**Record excerpts:**
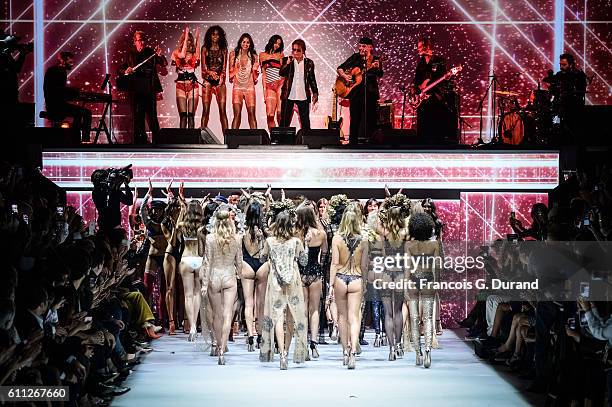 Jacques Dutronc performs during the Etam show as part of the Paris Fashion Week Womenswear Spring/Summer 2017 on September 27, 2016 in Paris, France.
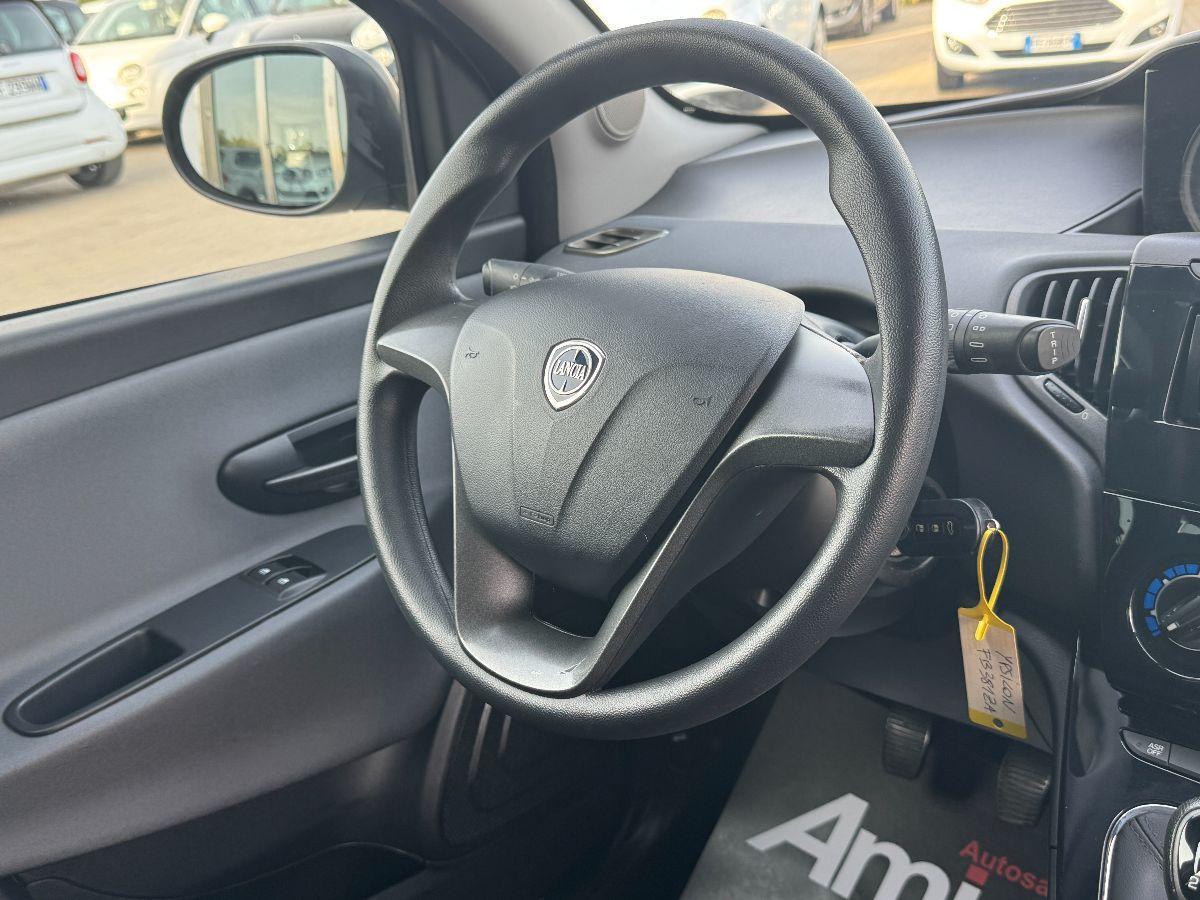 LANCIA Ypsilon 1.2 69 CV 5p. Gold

* * *

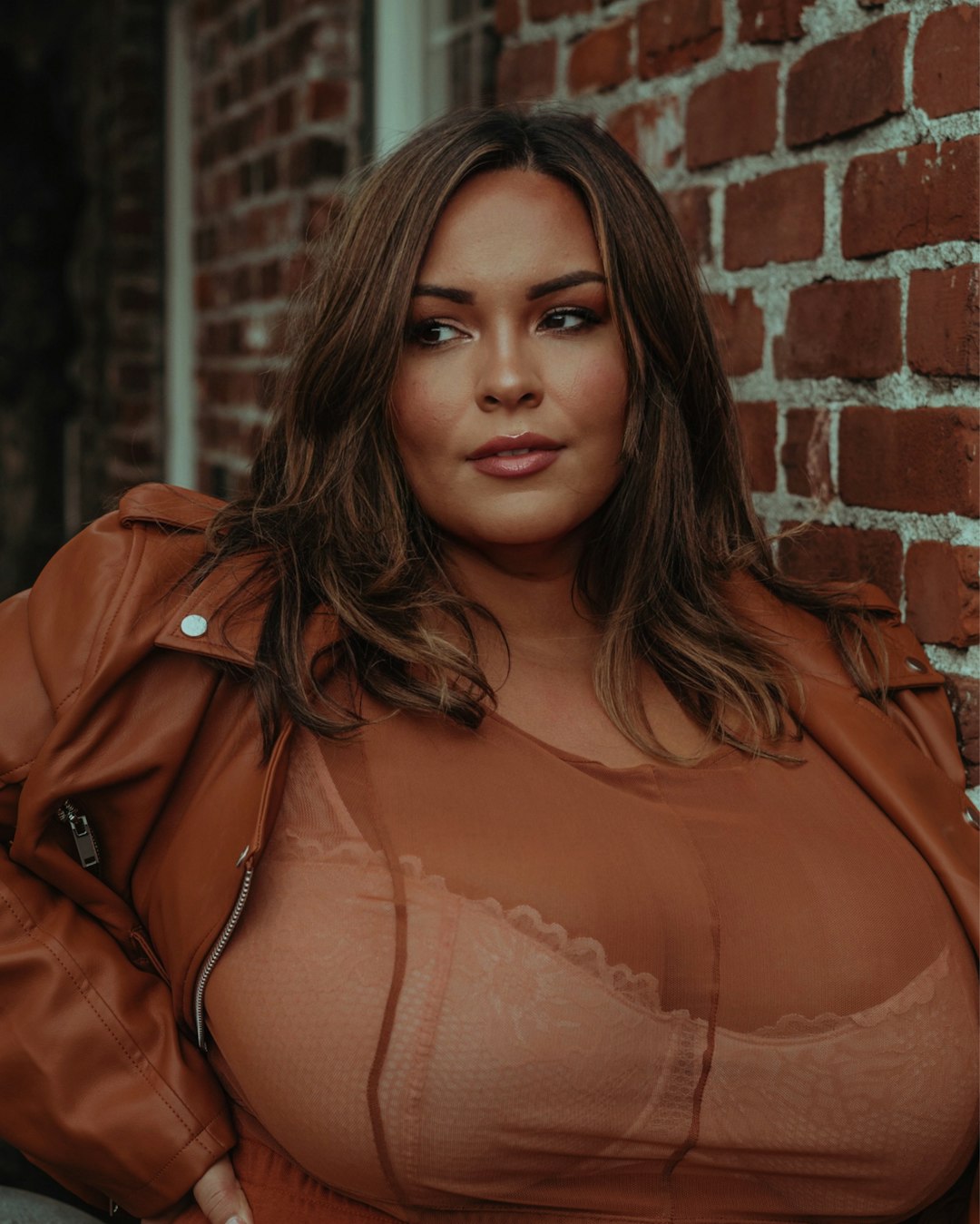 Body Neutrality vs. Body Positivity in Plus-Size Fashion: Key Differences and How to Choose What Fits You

**Aim of the exercise:** Above are some entries; copy exactly the lines from the line with "Jacques Dutronc performs" through the line with "LANCIA Ypsilon 1.2 69 CV 5p. Gold", both included, but none of the pictures.

**Solution:**
 Jacques Dutronc performs during the Etam show as part of the Paris Fashion Week Womenswear Spring/Summer 2017 on September 27, 2016 in Paris, France.
 LANCIA Ypsilon 1.2 69 CV 5p. Gold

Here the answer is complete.